Baltimore County Executive C. A. Dutch Ruppersberger -- who holds a "Pitch In For Progress" every year, during which 5,000 people help clean up the community -- said he is sending support for O'Malley's effort because of the importance of neighborhood cleanups.

"Mayor O'Malley is right on target; if we don't take care of the trash, there will be no pride in our communities, and people will not want to be here," Ruppersberger said.

Cleanups have a long mayoral tradition.

O'Malley isn't the first Baltimore mayor to launch a clean-up effort.

During the late 1970s former Mayor William Donald Schaefer dubbed his anti-litter campaign "Trashball" and called on Baltimoreans to dunk their garbage in a can instead of on the street.

Then former Mayor Kurt L. Schmoke, O'Malley's immediate predecessor, tossed Schaefer's campaign for a new theme: "It's Your Baltimore. Don't Trash It!" The city spent $189,000 on the campaign, which included radio, television and print advertisements featuring Cal Ripken and Schmoke.

Schmoke also held an annual "Garbage Man Appreciation Day" to show support for trash collectors, serving them hot dogs and hamburgers off a flaming grill. Part of the reason is that political leaders must find the delicate balance between ensuring trash is picked up and keeping sanitation workers happy.

"This particular group of workers can shut down the city," said Glen Middleton, president of the local chapter of the American Federation of State, County and Municipal Employees, which represents the city's trash collectors.

In the past, striking sanitation workers in such places as New York have left communities overrun with garbage.

Middleton said Baltimore's sanitation workers and the city have generally maintained a good working relationship over recent years, and those ties seem to have transcended the change in administrations.

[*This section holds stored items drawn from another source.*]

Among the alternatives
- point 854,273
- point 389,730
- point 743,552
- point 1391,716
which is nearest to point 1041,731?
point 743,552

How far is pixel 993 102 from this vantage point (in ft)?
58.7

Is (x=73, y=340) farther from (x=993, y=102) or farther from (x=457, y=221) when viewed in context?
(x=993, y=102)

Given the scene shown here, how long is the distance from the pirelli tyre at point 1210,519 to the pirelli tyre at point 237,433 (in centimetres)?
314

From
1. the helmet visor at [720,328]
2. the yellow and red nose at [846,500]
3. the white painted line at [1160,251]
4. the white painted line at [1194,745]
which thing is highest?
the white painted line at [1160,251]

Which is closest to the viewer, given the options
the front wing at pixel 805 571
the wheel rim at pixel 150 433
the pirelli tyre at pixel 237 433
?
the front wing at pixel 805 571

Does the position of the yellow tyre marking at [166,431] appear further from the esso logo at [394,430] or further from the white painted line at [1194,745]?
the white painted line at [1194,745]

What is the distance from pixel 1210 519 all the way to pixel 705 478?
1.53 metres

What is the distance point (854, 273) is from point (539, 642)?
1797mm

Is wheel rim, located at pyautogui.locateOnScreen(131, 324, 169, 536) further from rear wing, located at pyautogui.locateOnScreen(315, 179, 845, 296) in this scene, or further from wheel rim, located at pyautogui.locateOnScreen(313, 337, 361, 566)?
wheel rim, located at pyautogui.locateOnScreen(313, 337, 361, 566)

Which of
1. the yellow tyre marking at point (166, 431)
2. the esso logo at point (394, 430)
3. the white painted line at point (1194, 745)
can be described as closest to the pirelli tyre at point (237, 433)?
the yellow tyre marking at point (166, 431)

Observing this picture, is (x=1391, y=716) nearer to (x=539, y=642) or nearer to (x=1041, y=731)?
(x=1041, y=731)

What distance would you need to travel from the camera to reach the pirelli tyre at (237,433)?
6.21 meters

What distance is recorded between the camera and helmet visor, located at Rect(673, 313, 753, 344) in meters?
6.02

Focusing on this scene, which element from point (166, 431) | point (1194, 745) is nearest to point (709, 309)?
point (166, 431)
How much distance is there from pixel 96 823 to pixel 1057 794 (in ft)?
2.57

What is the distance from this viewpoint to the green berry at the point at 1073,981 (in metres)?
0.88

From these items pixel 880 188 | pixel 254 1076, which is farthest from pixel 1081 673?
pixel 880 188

O'Malley's "got great public appeal," he said.

Now the city's new mayor hopes to take some of that good will to the streets today with his own campaign, the "Super Spring Sweep Thing." O'Malley has not tallied the total cost of the cleanup effort, but he says, "The value of a clean city is priceless.

"The city is the center of our state, is the economic engine and should be a thing of pride for everyone whether you live in Baltimore County, whether you live in Ocean City, whether you live in Carroll, Harford or Anne Arundel, you should be proud of the city of Baltimore," O'Malley said.

But O'Malley and other city leaders know that if the streets aren't clean, the complaints go to city government.

"Every community meeting we attend, it's either crime or grime," said City Council President Sheila Dixon. "This is a major issue."

At times during the Schmoke administration, Councilman Nicholas C. D'Adamo Jr.picked up hot water heaters, stoves, dirty flower pots and even sea shells to take to the dump because trash collectors did not pick up residents' garbage.

"I've done it all," D'Adamo said. "On my way home, I'd put the trash in my car and take it to the dump. Whatever I need to do to keep someone happy, not to lose a vote."

With such efforts, government leaders can find lifelong allies.

Former City Council President Mary Pat Clarke said when mayors such as O'Malley focus on trash, they can win long-term voter support. She said when crews picked up a mattress at her house on Wednesday for bulk trash collection at the time they said they would arrive, she decided that she would forever support O'Malley's administration.

"I'll vote for O'Malley for the rest of my life," Clarke said. "When people want their trash removed or cleaned up, they want it done now.

"Local politics is the basic level of government: Take the trash away, take the crime away, and give us a good life. It's that simple."

Sun staff writer Gerard Shields contributed to this article.